Most modern commercial software projects implement some sort of quality assurance process. This process often includes Software Testing. And its usually use case based.
However, this approach to testing is in fact unable to give any guarantees, i.e. valid predictions about how software will actually work on production.
Hence, as long as it is important to know how software will work on real world production, use case based testing is simply unfit for measuring quality.
This article will go through why QA should focus on how software will work on production, and production only. Why use case based testing approach is unable to give valid predictions about production.
And that the only way to get such a prediction - is scientific proof.


According to most modern development practices, a software company should have a quality assurance process, before delivering a product to a customer.
QA itself is a broader term, but in context of software development, QA for the most part consists of software testing.
What kind of testing, and how much of it should be done - depends on a specific project. But still, there are few popular combinations.
For instance, some manual testing, unit tests, integration tests during CI, functional auto tests, some stress tests, etc.
Another popular practice is to have a testing session - running all available tests (or almost all) before releasing a product.
It is assumed that a product is good enough for release, if testing results pass certain threshold, usually set by product owner.

QA and how software works on production

Right from the start, lets clear up one thing. QA should focus on how software will work on production, and production only.
Yes, this is quite a bold statement. Especially for the start. But there's a justification to it.

Lets start with one story. If you've worked anywhere software development - than you probably already know it.
It is already way past some major Release. And suddenly there's new critical bug. Found and reported from production.
Moreover, that bug is often hard to reproduce. Or it can be reproduced only on production.
If latter is the case, than any attempt to even reproduce this bug is often long and quite tricky thing.
Let alone investigation and making the actual fix.

Moreover, is that even after there is fix, and new release/update had been delivered - there's still pretty high chance of finding another major bug.
Or even the exact same one ( when a fix did worked on dev machine, but didn't on production ).

Whats common here is that all these companies have QA process. And there certainly was a testing session before releasing a product.
And yet, that major bug wasn't found before release.

One might say that this is just one bug. And that, if there will be an investigation on why that bug wasn't found, and actions will take place accordingly - than it won't happen again.
But in practice it Does happen again. Even if there indeed had been an investigation, and actions had been taken accordingly.
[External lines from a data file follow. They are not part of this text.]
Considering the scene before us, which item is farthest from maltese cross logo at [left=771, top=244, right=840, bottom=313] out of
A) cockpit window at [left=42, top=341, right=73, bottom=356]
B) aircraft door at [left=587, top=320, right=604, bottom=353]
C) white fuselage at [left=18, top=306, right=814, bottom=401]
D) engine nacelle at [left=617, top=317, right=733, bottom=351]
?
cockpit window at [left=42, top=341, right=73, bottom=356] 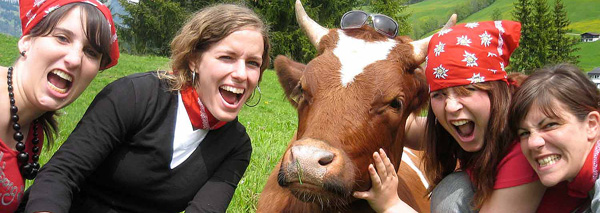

It still happens again.
And just for the record, this is not a story about one project, or one company, that just does these things the wrong way.
It's a story that happened multiple times, on very different occasions, to vast number of companies.
You can just ask around, and you'll probably find at least couple of this kind of stories right at your first try.

This reoccuring story actually raises quite a few questions. For example, why production is different from development/ test setup ?
It seems obvious now, that it is different. Especially after all that 'reproducible on production only' kind of thing.
Or another quiestion. Why testing session keeps missing major bugs time and time again?

And finally, why the hell QA is not focusing on how software will end up working on real production, and production only ?
You would normally assume that production, really, is the only one that matters. Not dev machines, or test setups - production.
And yet, these stories about major bugs, that can be reproduced only on production, keep coming up time and time again (and make you scratch your head really hard).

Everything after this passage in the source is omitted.